The ruling Liberal Democratic Party of Japan is reportedly set to end tax breaks for commercial solar installations, in a move that could be timed to coincide with the liberalisation of the country's electricity retail sector.
A report in Japanese financial newspaper Nikkei said the possible ending of tax relief, discussed by the LDP as part of a panel on various tax measures, was a way to remove the incentive portion of a ¥70 billion (US$569 million) renewable energy programme.
Tossing out these tax breaks is seen as a way for the Japanese government to consolidate funds and assist Prime Minister Shinzo Abe in his pursuit of reducing the corporate tax rate to under 30% by 2016, Nikkei said. According to the report, the LDP tax panel is weighing a motion that could remove the solar tax benefit by 31 March 2016.
Japan has promoted the use of renewable energy through feed-in tariffs (FiT) since 2012, which ensure a set price for power producers at both commercial and domestic level. Through July 2015, Japan had approved 82GW worth of solar projects – a quarter of which have commenced operations.
However, the timing of the move could be significant as next year a long-awaited legislatory change is set to come into effect, with private businesses allowed to enter the retail electricity market. Until now, Japan's 10 regional utilities have operated as monopolies in the various prefectures of the country, with the utilities also responsible for operating the regional electrical grids to which solar installations have to be interconnected.

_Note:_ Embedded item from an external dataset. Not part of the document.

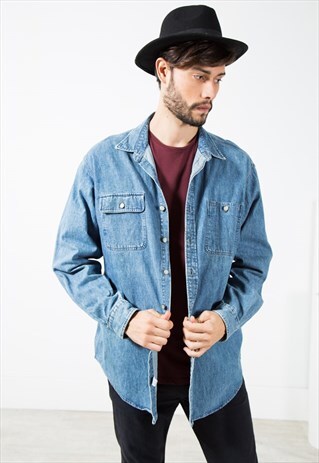 VINTAGE POLO RALPH LAUREN DENIM SHIRT / S4910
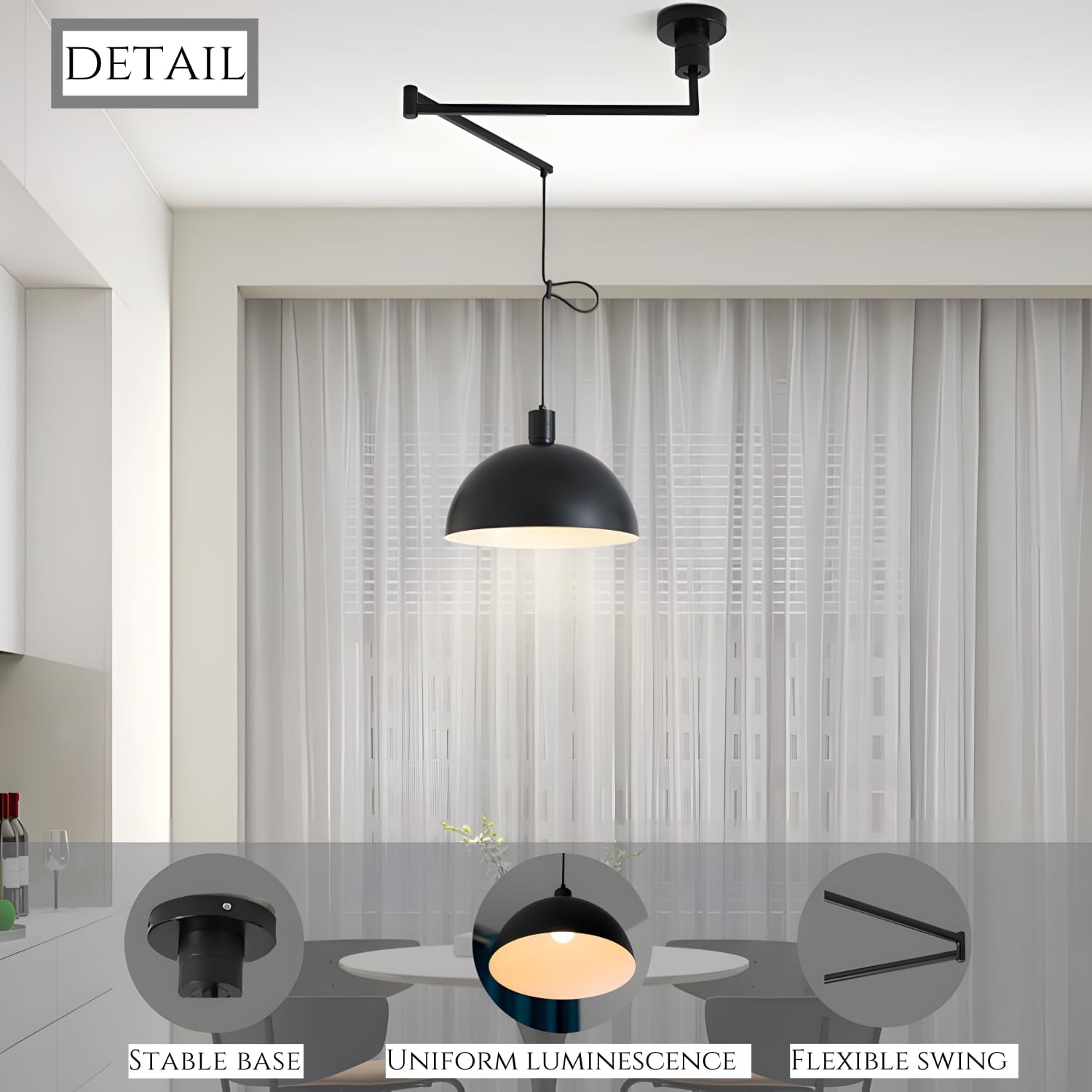 Bofea-Modern Black Pendant Lights Kitchen Island Industrial Dome Pendant Light Fixtures Swing Arm Dining Light Adjustable Hanging Lights Fixtures for Dining Room,Island Lighting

Japan's Ministry of Economy, Trade and Industry (METI) has been posting the names and details of companies set to enter the market from 1 April 2016, with familiar names in solar including Softbank and Itochu among those expected to join. Industry observers and participants including the Japan Renewable Energy Foundation (JREF) and Canadian Solar have said for some time that they think this process of liberalisation can both benefit consumers and reinvigorate the solar industry.